Article DC11 – Règlementation relative aux linéaires commerciaux#
> Au titre de l’article L. 151-16-1 du Code de l’Urbanisme, le règlement graphique identifie des linéaires nécessitant une protection ou un développement de la diversité commerciale en rez-de-chaussée. Les constructions, identifiées par ces linéaires commerciaux, ayant pour sous-destination « artisanat et commerce de détail », à la date d’approbation du PLUi, ne pourront pas changer de destination.
> Cette règle s’applique en RDC uniquement
> Les autres destinations (hors "artisanat et commerce de détail") pourront être conservées.
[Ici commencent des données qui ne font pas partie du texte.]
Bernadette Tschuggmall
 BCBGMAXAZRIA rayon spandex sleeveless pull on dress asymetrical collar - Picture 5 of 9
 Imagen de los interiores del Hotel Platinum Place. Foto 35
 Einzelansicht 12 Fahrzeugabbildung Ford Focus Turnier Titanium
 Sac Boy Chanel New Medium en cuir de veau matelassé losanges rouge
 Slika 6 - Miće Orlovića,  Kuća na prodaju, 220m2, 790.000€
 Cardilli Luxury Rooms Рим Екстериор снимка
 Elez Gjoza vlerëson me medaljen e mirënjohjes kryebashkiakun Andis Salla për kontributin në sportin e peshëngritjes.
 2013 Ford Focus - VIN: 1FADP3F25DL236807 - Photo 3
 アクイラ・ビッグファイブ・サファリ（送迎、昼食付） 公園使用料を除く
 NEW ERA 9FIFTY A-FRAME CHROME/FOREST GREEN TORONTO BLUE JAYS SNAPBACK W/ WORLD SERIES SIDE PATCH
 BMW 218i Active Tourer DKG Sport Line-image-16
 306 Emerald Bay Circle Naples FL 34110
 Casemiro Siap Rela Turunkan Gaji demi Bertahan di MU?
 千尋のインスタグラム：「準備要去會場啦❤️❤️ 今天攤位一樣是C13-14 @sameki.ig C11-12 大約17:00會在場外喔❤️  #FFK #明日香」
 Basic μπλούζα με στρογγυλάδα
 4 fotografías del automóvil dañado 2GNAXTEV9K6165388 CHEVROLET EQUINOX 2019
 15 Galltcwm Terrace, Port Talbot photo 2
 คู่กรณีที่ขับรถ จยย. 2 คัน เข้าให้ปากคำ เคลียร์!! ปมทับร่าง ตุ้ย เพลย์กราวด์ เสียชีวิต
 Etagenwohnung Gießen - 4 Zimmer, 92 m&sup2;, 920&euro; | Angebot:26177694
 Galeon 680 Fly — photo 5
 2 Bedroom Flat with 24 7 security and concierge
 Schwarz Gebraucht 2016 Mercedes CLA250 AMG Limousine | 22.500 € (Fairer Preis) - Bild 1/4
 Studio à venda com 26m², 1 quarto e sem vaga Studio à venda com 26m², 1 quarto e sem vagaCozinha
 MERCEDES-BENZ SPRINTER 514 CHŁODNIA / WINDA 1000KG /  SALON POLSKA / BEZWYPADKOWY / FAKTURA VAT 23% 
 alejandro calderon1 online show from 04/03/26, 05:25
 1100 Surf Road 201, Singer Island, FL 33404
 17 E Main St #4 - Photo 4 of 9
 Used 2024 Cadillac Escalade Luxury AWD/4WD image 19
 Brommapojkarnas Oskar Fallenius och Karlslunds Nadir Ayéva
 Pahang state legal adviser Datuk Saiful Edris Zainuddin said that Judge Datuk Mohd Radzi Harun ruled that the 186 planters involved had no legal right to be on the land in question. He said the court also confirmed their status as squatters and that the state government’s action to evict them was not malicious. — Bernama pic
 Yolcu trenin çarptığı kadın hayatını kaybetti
Cependant, si de nouveaux propriétaires souhaitent changer de destination ils pourront uniquement le faire pour la destination "artisanat et commerce de détail".
Les communes de Bélesta et de Lavelanet sont les seules communes concernées par ce linéaire commercial.
L 151-16-1 : « Le règlement peut identifier et délimiter les quartiers, îlots et voies dans lesquels est préservée ou développée la diversité commerciale, notamment à travers les commerces de détail et de proximité, et définir, le cas échéant, les prescriptions de nature à assurer cet objectif.
Il peut également délimiter, dans les zones urbaines ou à urbaniser, des secteurs dans lesquels la préservation ou le développement d’infrastructures et d’équipements logistiques est nécessaire et définir, le cas échéant, la nature de ces équipements ainsi que les prescriptions permettant d’assurer cet objectif.
Article DC12 - Affouillements et exhaussements#
Les affouillements et exhaussements sont autorisés dès lors :
> Qu’ils sont liés ou nécessaires aux activités autorisées,
> Ou qu’ils sont liés aux travaux nécessaires à la protection contre les risques et nuisances,
> Ou qu’ils sont liés à la restauration de zones humides ou à la valorisation écologique des milieux naturels, ou à la valorisation des ressources naturelles du sol et du sous-sol.
Dès lors qu’ils sont autorisés, les affouillements et les exhaussements du sol naturel doivent être limités et traités de manière à favoriser l’infiltration naturelle des eaux de pluie sur la parcelle ou l’unité foncière pour éviter toute aggravation de l’écoulement naturel sur les fonds voisins. Ils doivent être conçus afin de permettre une bonne insertion dans les perspectives urbaines et paysagères.
Dans tous les cas, les affouillements et/ou exhaussements du sol devront se limiter au strict nécessaire pour la réalisation des projets de constructions, installations et ouvrages techniques.